God bless the soul that shares a room with me. Thank you for endless laughter, turning off the lights when I'm already in bed, and loving me so well.

“I can't think of a caption for this. Write it for me."

This happens at least once a week, especially on the night of formal.

“If I bend over wearing these leggings can you see my underwear?"

It's better for your roomie to tell you this one than someone else.

“I'm going on day three without a shower. Does my hair look greasy?"

Even when they say no, they mean that you should really use some dry shampoo.

“You really just need to get over him. You're worth so much more than a stupid boy."

It's the sweetest, most humbling reminder after a night of tears and ice cream.

“We should probably clean tomorrow."

Said, but never done.

“Hide the candles.
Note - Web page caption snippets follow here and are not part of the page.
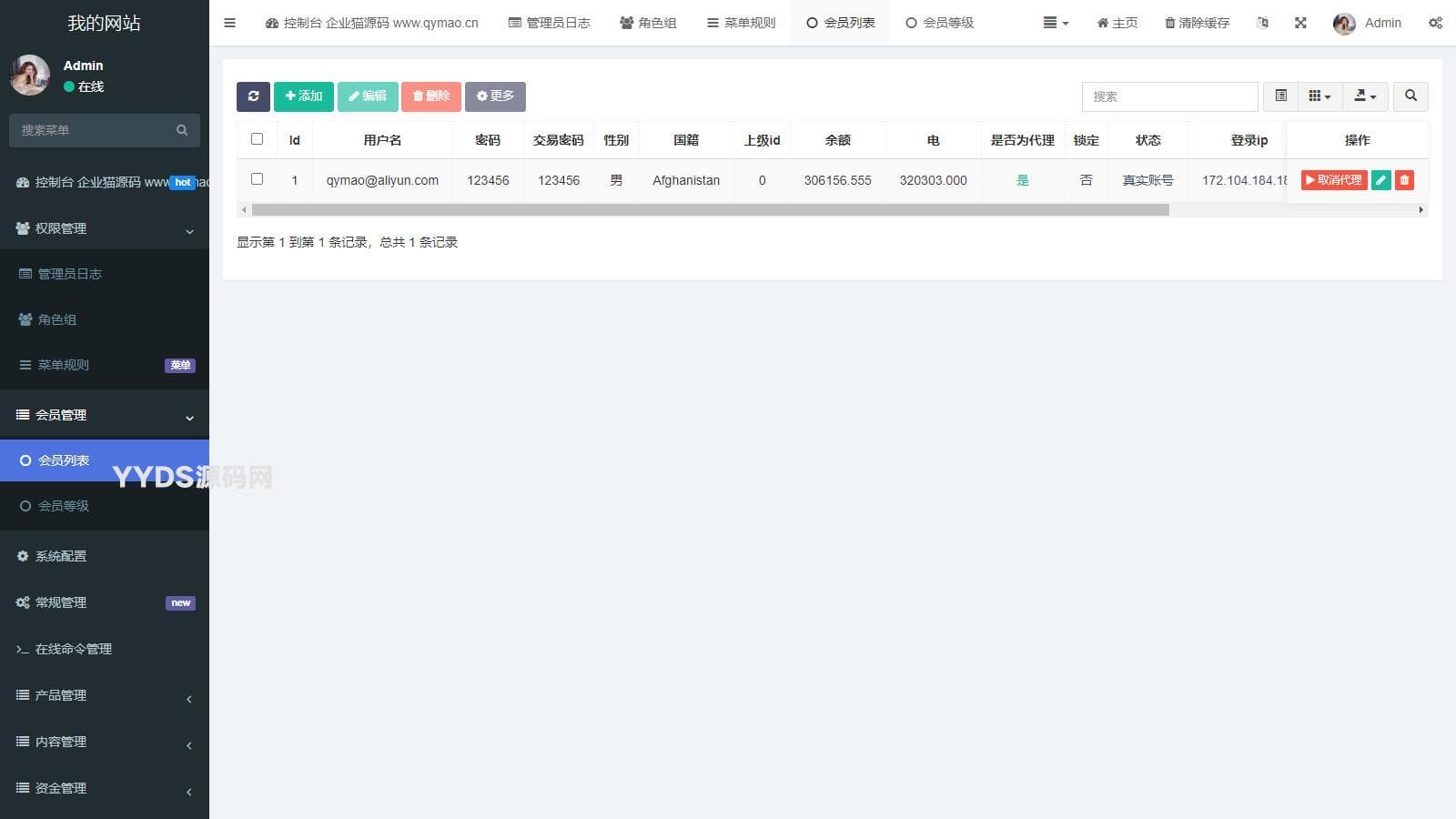 资源预览,点击查看大图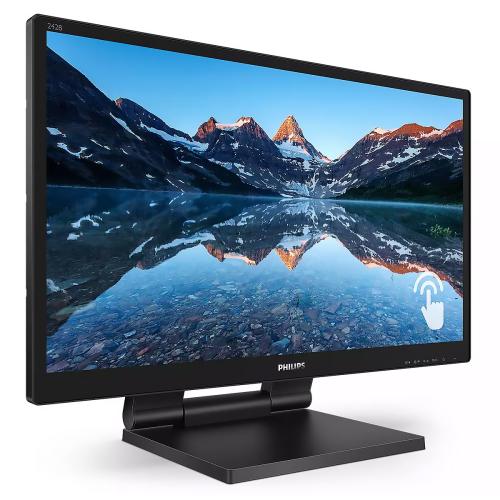 Монитор Philips 242B9T/00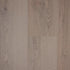 Preference Floors - Iconic WPC Hybrid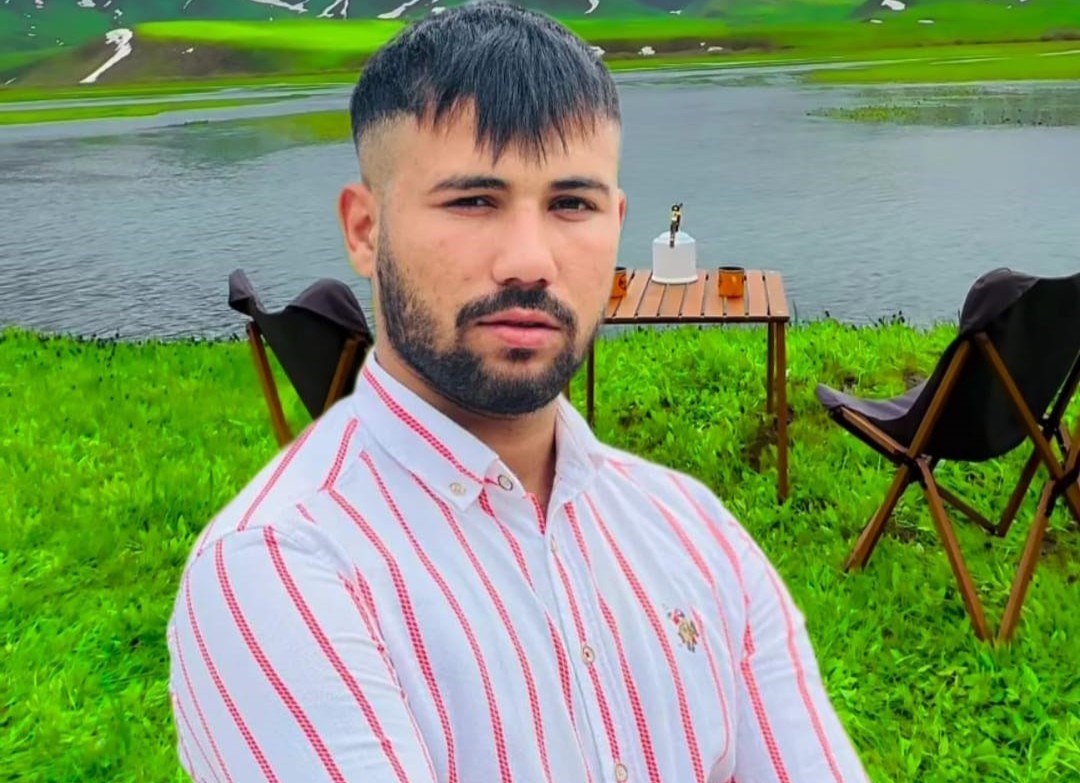 Trafik Kazasında Öldü Ölümüne Normal Denildi Ailesi Isyan Etti (3)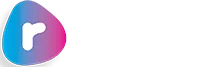 reclaim-logo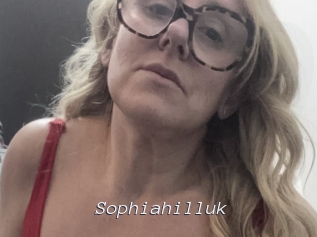 sophiahilluk Tel 69 Salopes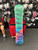Used Signal DISRUPTOR Mens Board/Bindings None 156 cm 11162-S000463671 View 2
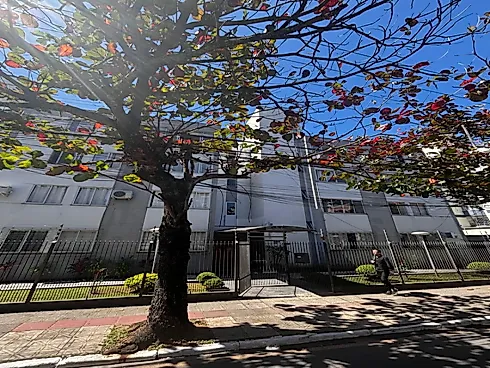 Kobrasol, São José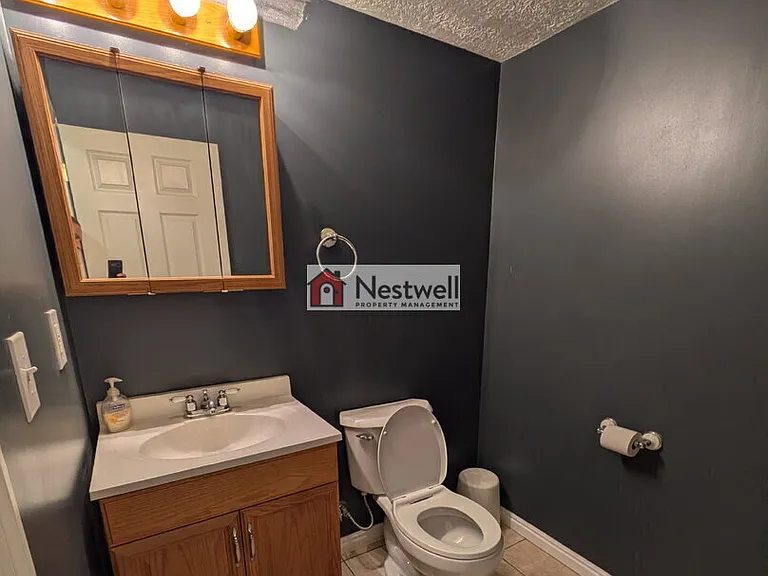 1637 W Crystal Ridge Dr — Photo 14
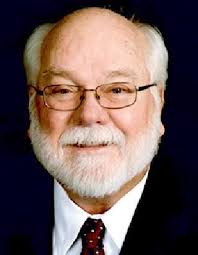 Henry Edmondson Obituary (1952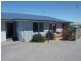 2-3 Lipscombe Court, Sorell TAS 7172
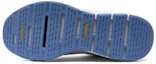 Purchase (W) Skechers Go Walk Workout Walker 'Putih Biru' 124933-GYLB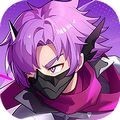 格斗城之戰單機版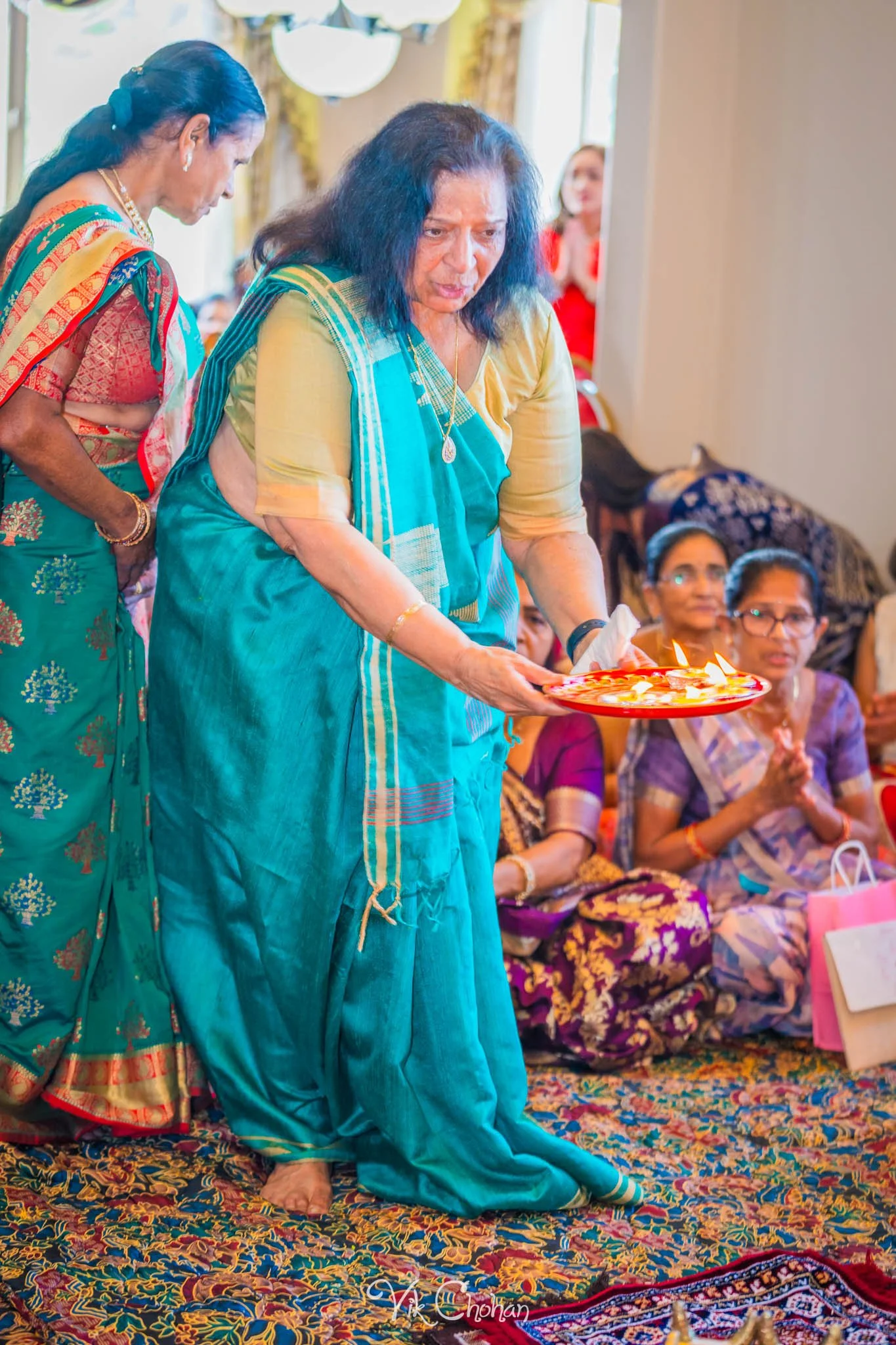 2026-07-19-Kishan-Kankotri-Lekhan-Puja-Celebration-july-19th-2026-Vik-Chohan-Photography-Social-Media-345.jpg
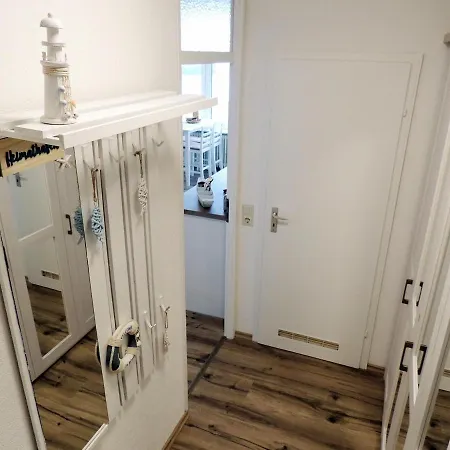 Appartamento B06-012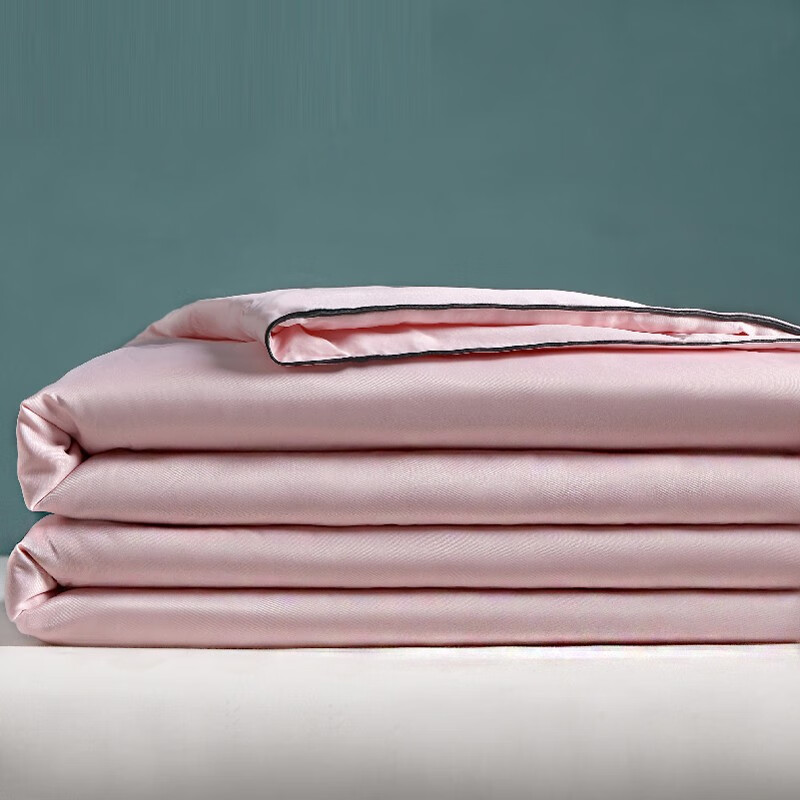 查纤维被历史价格的网站|纤维被价格历史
We have room checks tomorrow."

Sometimes you forget and you get fined.

“I'm going to walk past you and I need you to tell me if I smell bad."

See, you aren't the only one who does that.

“Wake me up in 20 minutes."

A post-class nap on a Monday never hurts until you both fall asleep for three hours.

“Do you think there are any guys in the hall? I need to get my laundry, but I'm not wearing pants."

This one is self-explanatory.

“Your leftovers smelled bad, so I threw them out."

The pungent smell seeping through the refrigerator is inevitable when you leave guacamole from Chipotle in there for two weeks.

“Can you tell me if my thesis makes sense?"

Midnight paper-writing is hard.

“Can we go to the Caf earlier? I'm so hungry already."

We're all walking grandmas in college. Dinner at 5 p.m. is a must.

“Can I wear that tomorrow?"

What's mine is yours.

“What's your cat's name again?"

This is a typical example of a burning question at two in the morning.

“We're already 10 minutes late."

We say this before every chapter meeting.

“Would it be bad if I skipped class tomorrow so I can watch 'Scandal?'"

Please say no, please say no. Just go to class with your computer and watch "Scandal" there.

“Does your throat hurt too?"

Happy flu season!

“How many ibuprofen can you take in a day?"

I don't know. Google it. I took six once and I'm still alive.

“It's only Tuesday."

It's OK. You can cry about it together.

“I love you!"

The best one. Finding a roommate that loves you on days when you don't love yourself is such a blessing. The love that we feel for the people that we live with is so special and so unique.

I'm sorry for all of the times that I've annoyed you, killed one of our plants, or been insensitive because I'm too worried about myself. Thank you for still loving me.

Shout out to all of the roommates out there. You're the bomb.